Norway Day (Festival) and the Long Now Museum

On a warm Sunday, May 6, 2007, I drove to Fort Mason for Norway Day. I'd never been to the convention hall before, and, although I'd been to the area, I'd forgotten what a pain it is to park there. There is pay parking but it's hard to locate the entrance and harder still to find an unoccupied space.

As you'll see from the various performers, products, and foods, the festival seemed more designed for Norwegian expatriates than for anyone else.

I went a little light on pictures and movies this trip, so this post should serve as the primary point of reference for the things I saw.

Entertainment
A spent an hour or so watching the very good multimedia artistic performance Terje Vigen. Terje Vigen is a 150-year-old epic Norwegian poem about Norwegian men who rowed across a sea, passing a naval blockade, to Denmark in order to get food for their families. By multimedia performance, I mean an actor on a stage (with set and all) sings operatically, accompanied by music, behind whom is a screen onto which is projected a video of another actor going through similar motions (just not on a stage but rather in the real world: e.g., rowing on a tossing sea). Although the poem is in Norwegian, this performance used an English translation that I liked. I have no idea if the translation was good or bad, but the combination of music, video, setting, and poem made one coherent package so it couldn't have been entirely wrong. This was the first performance of the musical production of Terje Vigen outside of Norway.

One observation that's more a comment on the festival than the musical is that all the advertisements in the big booklet they handed out about the musical are in Norwegian.

The festival also screened a snowboarding movie about the quest to set the world record for quarter pipe height. I watched a bit of it before wandering away. They showed it because some of the main events happened in Scandinavia.

Near the end of the festival I observed some Norwegian folk dancing, which turns out to look fairly similar to American folk dancing.

Booths/Exhibits
There were two main types of booths: retailers selling Norwegian products difficult to acquire in the states, and social clubs.

Regarding the former, items for sale included Norwegian books, packaged food stuffs (some of which I saw prepared during the cooking demonstration), shoes, jewelry, travel planning (to Scandinavia, of course), sleds (!), and paintings of flowers (rosemaling is a traditional Norwegian art of flower painting). A meadery located in far Northern California also had a booth. A few Norwegian artists (photographers, painters, sewers, and potters) were there; I don't know if that's their ancestry or if they actually live or have lived in Norway.

Regarding social clubs, there were many for Norwegians or Scandinavians represented, often segregated by gender (e.g., Sons of Norway). There were also a few schools represented, seemingly targeting children of expats who are likely to want to return to Scandinavia. To enroll, students must be fluent in at least one of Danish, Swedish, or Norwegian.

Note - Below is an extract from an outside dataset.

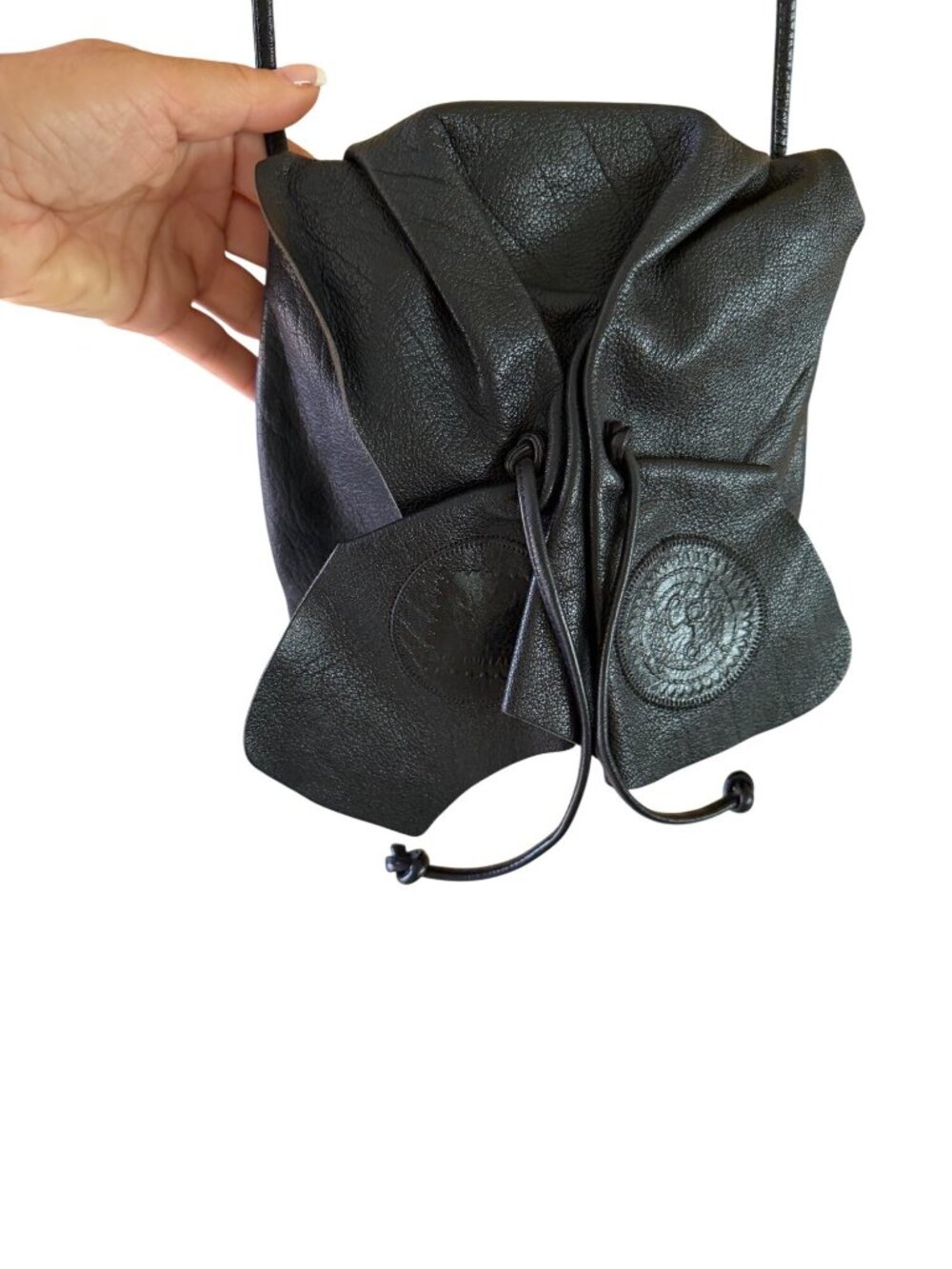Carlos Falchi Womens Crossbody Bag Crinkle Buffalo Black Leather Boho Vintage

It's unusual for a ethnic festival to make a nod to minorities related to the ethnicity, but this festival did, with an exhibit devoted to the Sami, an indigenous people who lived in the Nordic region.

Food and Cooking
Food was a substantial part of my experience at this festival. For lunch, I had an unexciting open-faced sandwich (smørbrød) with unremarkable shrimp and tartar sauce. For dessert, I had a lefse, a sweet folded bread that I liked so much I bought another right before I left the festival. The festival also served other types of open-faced sandwiches along with cream cake (blotkake), Norwegian waffles (vafler), and rolls with cheese.

Happily, lunch wasn't all the food at the festival. I attended a cooking class. The head cook wore a shirt that said "kiss the cook, he is Norwegian." I've seen analogous shirts at Greek festivals and feel it somehow gives support for the authenticity of the fair. The cook, a good speaker, treated us like members of his family, explaining everything about everything, whether dishes prepared by him personally or by someone else. (Grandmother-types made some dishes.) It's definitely one of the best cooking demonstrations to which I've been. Many more details are available in the picture captions.

Long Now
In order to enjoy the sunshine after a day indoors, I took a long route to my car. On the way, I spotted the Long Now Museum, a foundation and museum devoted to building structures and processes that will survive eons, including earthquakes, nuclear war, language shifts, and technology data format changes. Although the museum was a tiny two or three rooms, enough cool stuff was on display that I didn't have time to see everything before the museum closed for the day. (I want to return.)

Two exhibits struck me. One was a clock designed to last and stay accurate for ten thousand years. As the display explained, after much thought, they decided the best strategy would be a pendulum. After further thought, they concluded that tungsten was the best material for the bob. Not many people think that deeply about what the world could be like in ten thousand years. Here's a preliminary list of some issues they considered. (The display better described their decisions and the reasons for them.)

The foundation is also trying to make a "rosetta disk" -- basically, a decoder that will preserve all we know about languages, partially to maintain culture and knowledge, and partially to help archaeologists in the distant future read and understand other documents from our time.